Is 'law guy' a thing?

|The Volokh Conspiracy |

The New York Times tells me something I didn't know: Apparently, it's common to refer to an appellate specialist as "the law guy." From the story, "At End of Sheldon Silver's Corruption Trial, the 'Law Guys' Take Over", by Benjamin Weiser:

But it was clear late on Thursday, with the parties and the judge seated around a conference table and the jury not present, that Mr. McDonald and Mr. Kry [a prosecutor and a defense attorney] had critical roles as legal specialists in the case—"the law guys," as several experts put it—a role the public rarely hears about.

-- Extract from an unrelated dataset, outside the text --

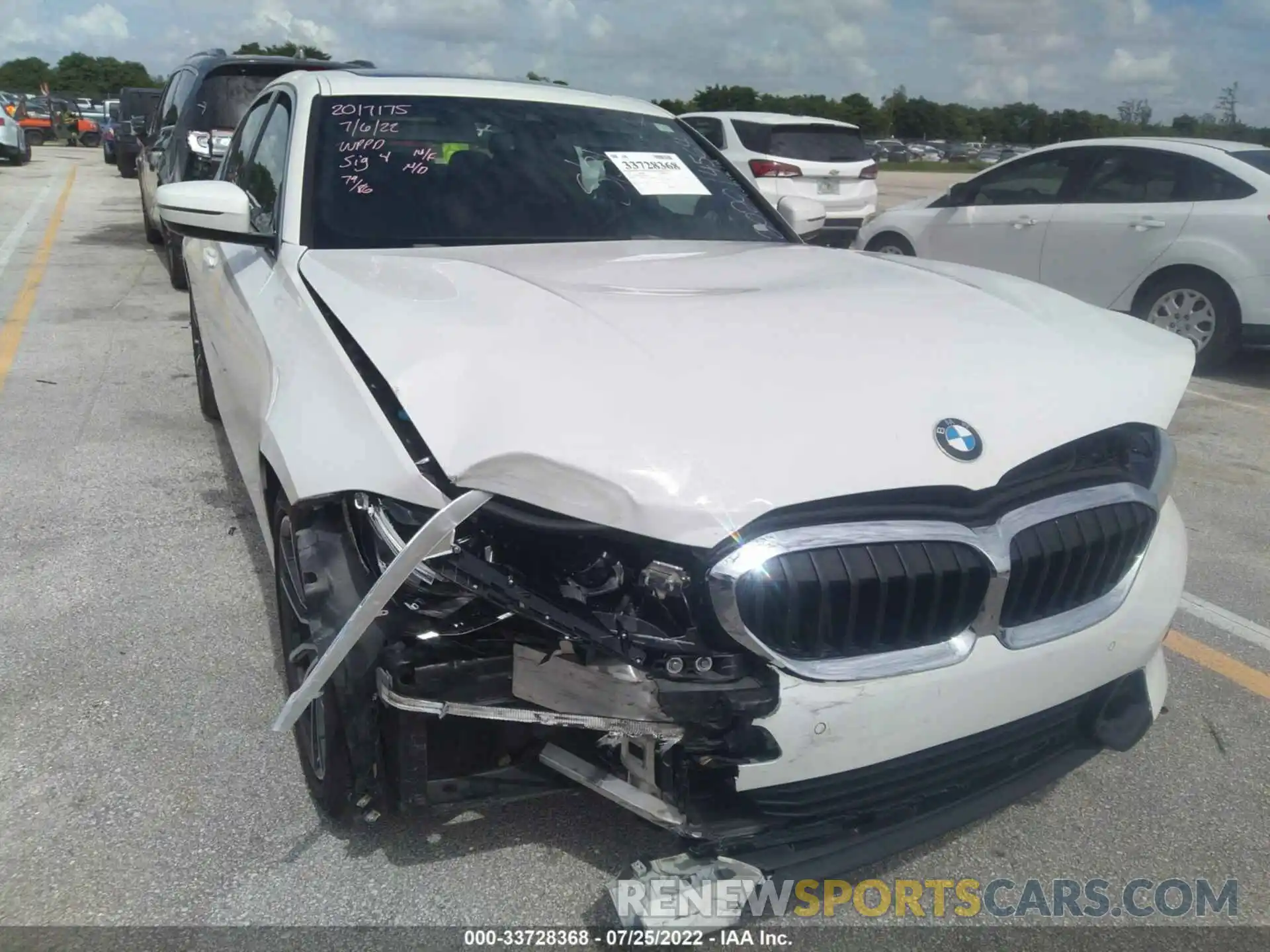 6 Photograph of a damaged car 3MW5R1J07L8B24564 BMW 3 SERIES 2020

The law guys must master the legal aspects of the case, and be steeped in precedents and in issues that might become the focus of an appeal or need to be responded to in court at a moment's notice.

The Times continues:

The role of the "law guy" is like that of an assistant to a football coach who stands on the sideline, knows the rules better than anyone else and says, "Challenge the call."

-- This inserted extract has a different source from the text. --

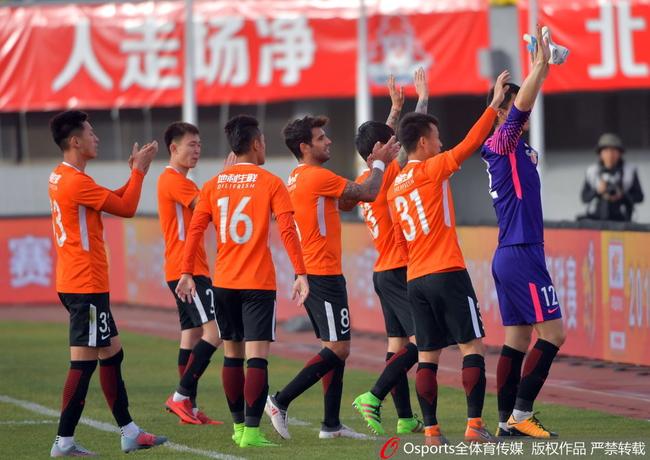 北京人和客场逆转大连，比取胜，表现亮眼的简单介绍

The term law guy is an anachronism from a time when the legal profession was dominated by men; women now frequently serve in that role, said Deirdre von Dornum, attorney in charge of the federal public defender's office in Brooklyn. "I love to be the 'law guy,' " she said.

On the defense side, the law guy is often a seasoned appellate lawyer who is brought into a case for that expertise.

In the United States attorney's office for the Southern District of New York, law guys are typically junior prosecutors who may have little or no courtroom experience, but bring a freedom to think deeply about the legal issues because they do not have the day-to-day burden of conducting a trial.

I certainly understand the role of an appellate specialist and legal expert. Different lawyers have different skills. In important cases that raise tricky legal questions, it's often smart to bring in someone with appellate expertise and legal firepower.

But I have to confess, I'm new to the specific phrase "law guy." Is it a common phrase that I just missed? Or maybe it's a New York thing? Or maybe it's not a common phrase, but it was added to spice up an otherwise dry story about legal arguments in a high-profile case? Because you may not care about the correct mens rea to apply to the quid pro quo of a bribe in an honest services fraud case, but maybe you'll care about the life and times of "the law guy."

UPDATE: On Twitter, NPR Justice Correspondent Carrie Johnson writes:

ANOTHER UPDATE: On the other hand, New York criminal defense attorney Scott Greenfield writes by e-mail that it's a "common old school usage" in New York, "where we have 'trial guys' and 'law guys.'" He also points to this post of his from 2007 which used the distinction. So maybe it's a New York thing after all.